Menurutnya, lima pintu penipuan yang sering digunakan pelaku mencakup ketidaktahuan (literasi rendah), ketamakan, ketakutan, keputusasaan, dan kebosanan. Satgas berharap masyarakat makin waspada dan tidak mudah tergiur janji imbal hasil besar.
Ia menyebut perkembangan teknologi digital membuka peluang besar, namun juga menjadi ladang subur bagi berbagai tindak kejahatan finansial. Satgas PASTI OJK mengungkapkan, saat ini masyarakat menghadapi ancaman serius dari aktivitas keuangan ilegal, terutama yang berkedok investasi dan pinjaman online (pinjol).
“Scam itu sangat sulit dilacak.
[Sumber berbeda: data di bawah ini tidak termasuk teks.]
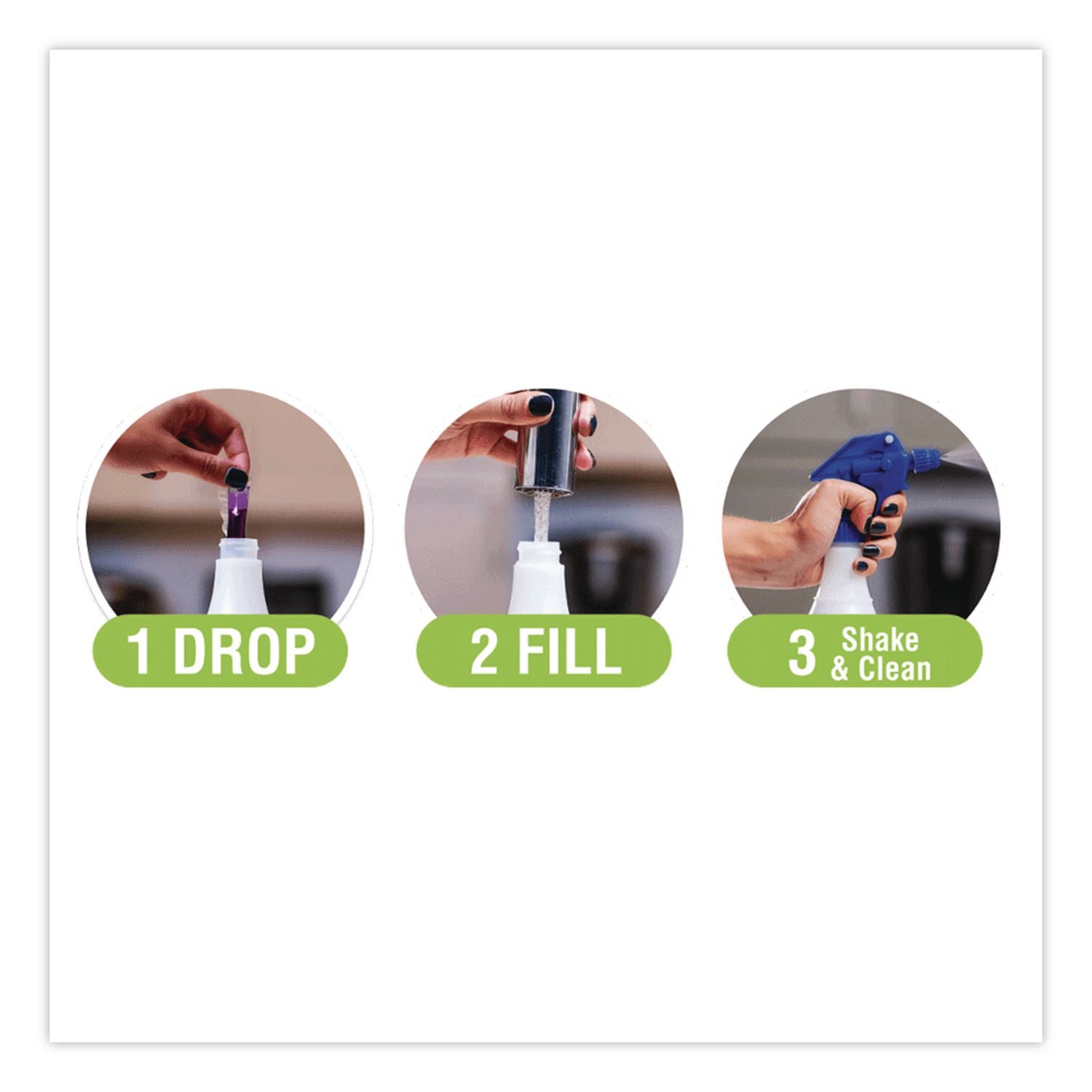 Aqua Chempacs All Purpose Heavy Duty Cleaner, Lavender Scent, 20 Chempacs/Bag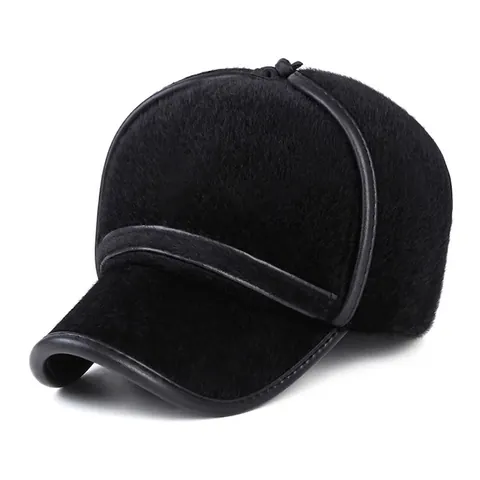 Cappello Da Baseball Invernale Da Uomo Con Paraorecchie Pelliccia Sintetica Caldo Spesso Antivento Cappello Termico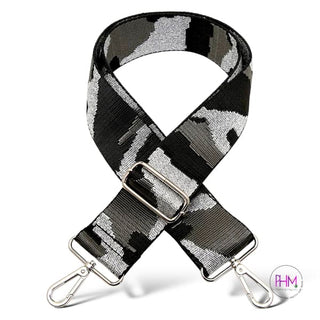 Guitar Straps | Jen and Co. - Camo Grey - Strap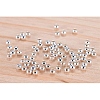 925 Sterling Silver Spacer Beads STER-WH0006-01-2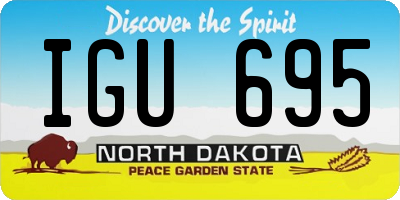 ND license plate IGU695
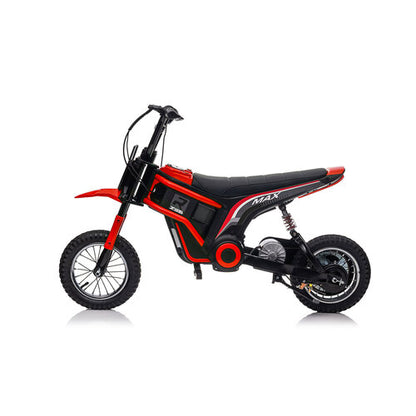 Elektrische kindermotor Dirtbike Hurricane 24V 350W Rood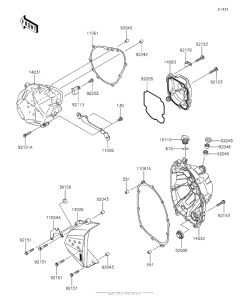 ZR800 Крышки двигателя
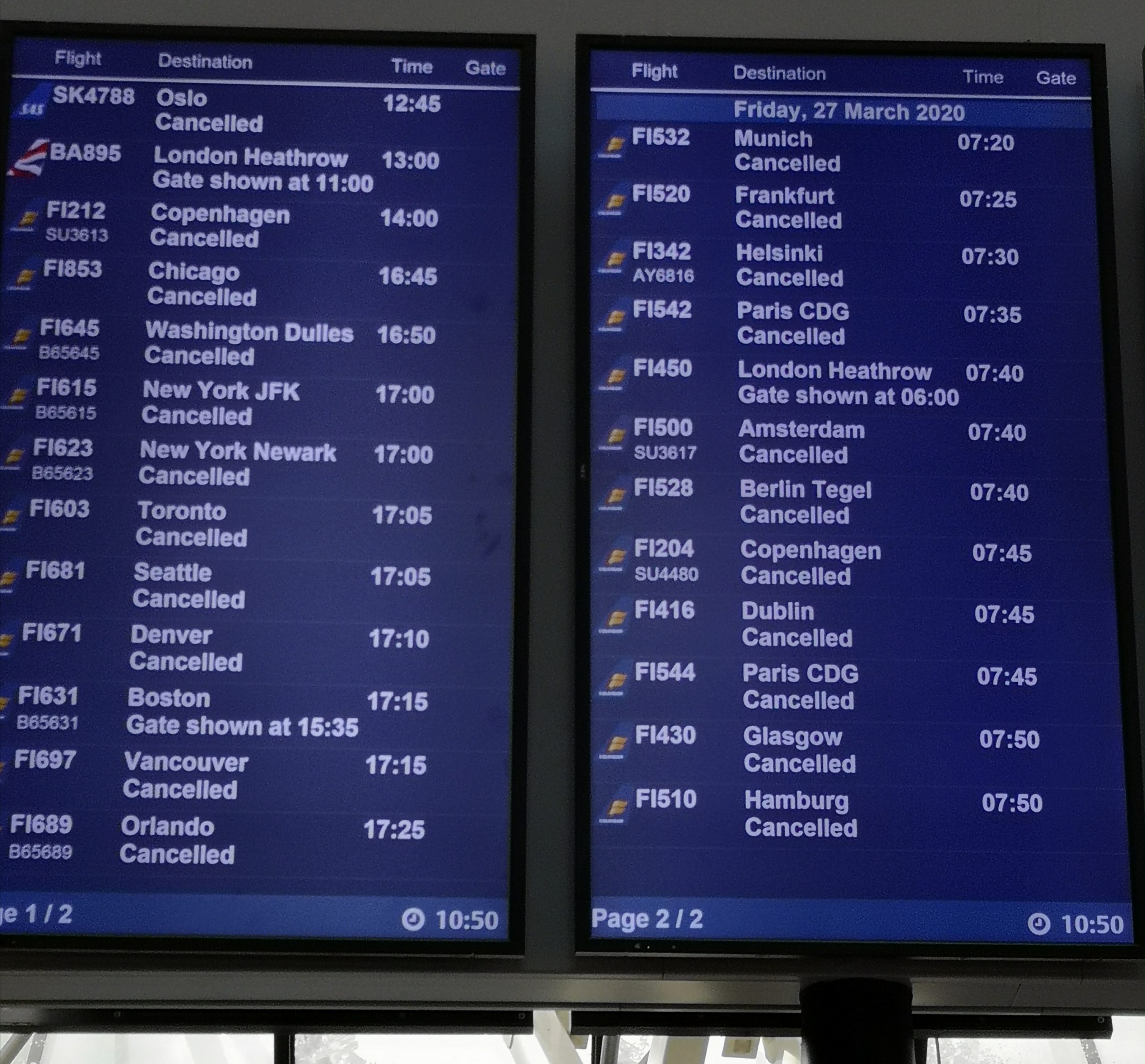 Uncertainty Over Future Of Flights To Iceland After Easter
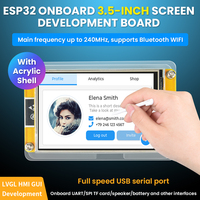 Modul ESP32-WROOM-32E 3.5 inci layar sentuh resitif TFT dengan Casing akrilik dan papan pengembangan pena sentuh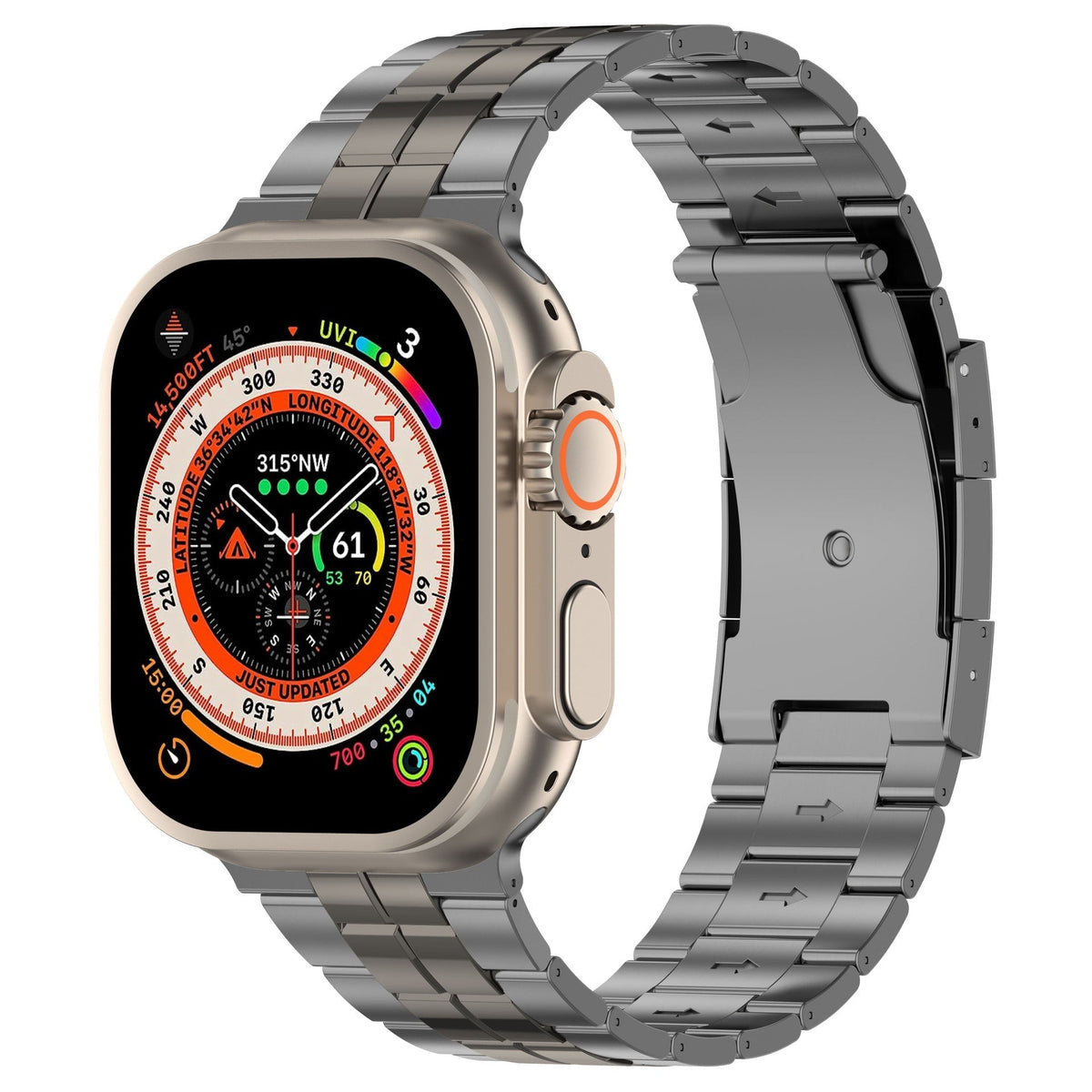 TITANIUM LINK BAND SQUARE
Pelanggannya bisa di Rusia, korbannya di Indonesia, datanya di Yogyakarta, tapi servernya di ‘Kampung Jakarta’. Begitu kompleks dan tersembunyi. Sekali korban terjebak, sulit kembali,” ujarnya.
Ia menekankan bahwa sejak Satgas PASTI beroperasi, lebih dari 11.000 entitas pinjol ilegal telah diblokir, sementara yang resmi terdaftar dan diawasi OJK hanya 96 entitas. Ini artinya, lebih dari 99 persen pinjol yang beredar adalah ilegal.
“Bayangkan, masyarakat dijejali penawaran pinjol ilegal lewat WhatsApp, email, TikTok, Instagram. Mereka masuk lewat segala celah. Bahkan ada korban yang nyaris bunuh diri karena terjerat utang pinjol. Untungnya, dengan bantuan psikolog dan tokoh agama, dia bisa diselamatkan,” ujarnya.
Lebih dari itu, Satgas PASTI mencatat adanya jaringan penipuan lintas negara. Ratusan warga Indonesia bahkan dilaporkan disekap dan dipaksa bekerja di negara-negara seperti Kamboja, Laos, dan Vietnam dalam operasi scam internasional. Banyak di antara mereka mengalami kekerasan, bahkan ada yang tidak kembali.
Kolaborasi Antar Lembaga
Kini, Satgas PASTI bekerja sama dengan 21 lembaga, termasuk OJK, BSSN, Polri, BIN, BNN, Kemenkominfo, hingga Pusat Pelaporan dan Analisis Transaksi Keuangan (PPATK). Kerja sama lintas sektor ini disebut krusial dalam memberantas kejahatan keuangan yang kian kompleks.
“Kasus-kasus besar, seperti penipuan bantuan kemanusiaan atau jual beli fiktif di marketplace, juga kami tangani. Banyak akun yang mengaku menjual produk, tapi setelah dibayar, barang tidak dikirim. Ini bukan hanya soal uang, tapi juga kepercayaan publik,” paparnya.